Here, I’d like to raise a methodological issue. Goffman’s ethnography is not typical in the sense of studying a field site like a firm or a neighborhood. Rather, the ethnography is a study of a cohort of people. You follow them around. That is different than field site ethnography where you choose a location and focus on the action happening in a space. People come in and out. So it is not surprising that if you stand on a modal street corner in Philly, you won’t see many cops walk by. In contrast, if you follow people who are the target of police, then you will, not surprisingly, see a lot of police.
I’ve recently argued that sociology has an amazing opportunity. The emergence of data science means that you should have people who really understand research design and social behavior. It doesn’t mean that sociology will automatically reap the benefits. Rather, we’ll have to work at it. My suggestions:
- Sociology programs should now make basic programming a standard feature of the undergrad and graduate degree.
- We have to have an internal discussion about the strengths and weaknesses of Internet generated data, much in the same way that there is a literature on the pros and cons of surveys, experiments, and ethnography.
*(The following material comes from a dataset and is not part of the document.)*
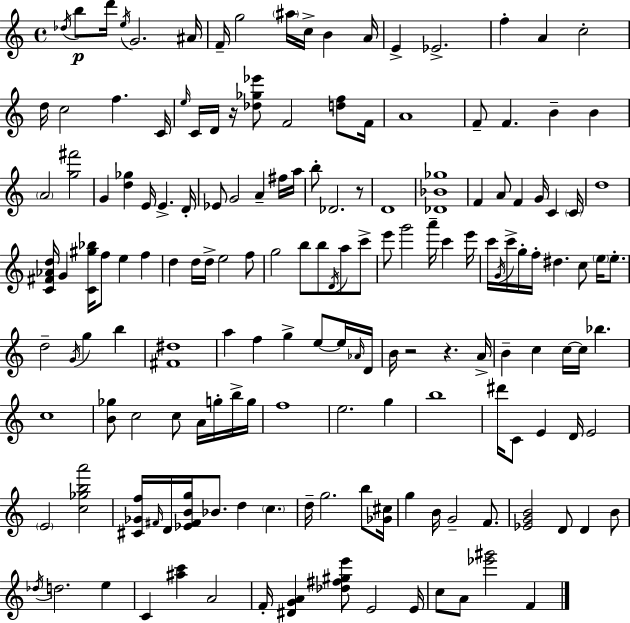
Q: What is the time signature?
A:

We should also reach out to our colleagues:
- Start cross-over workshops.
- Reach out to faculty who already work with behavioral data by offering to help with grants
- Personally, I’ve found it hard to work with CS graduate students. They have the normal level of grad student instability + six figure paychecks waiting for them outside of academia. But still, some are very curious, super smart, and willing to think about behavioral science.
The major barrier, in my view, is the differing publication style. CS happens very, very quickly – sometimes in a manner of weeks, while sociology is slow. We have to stop that.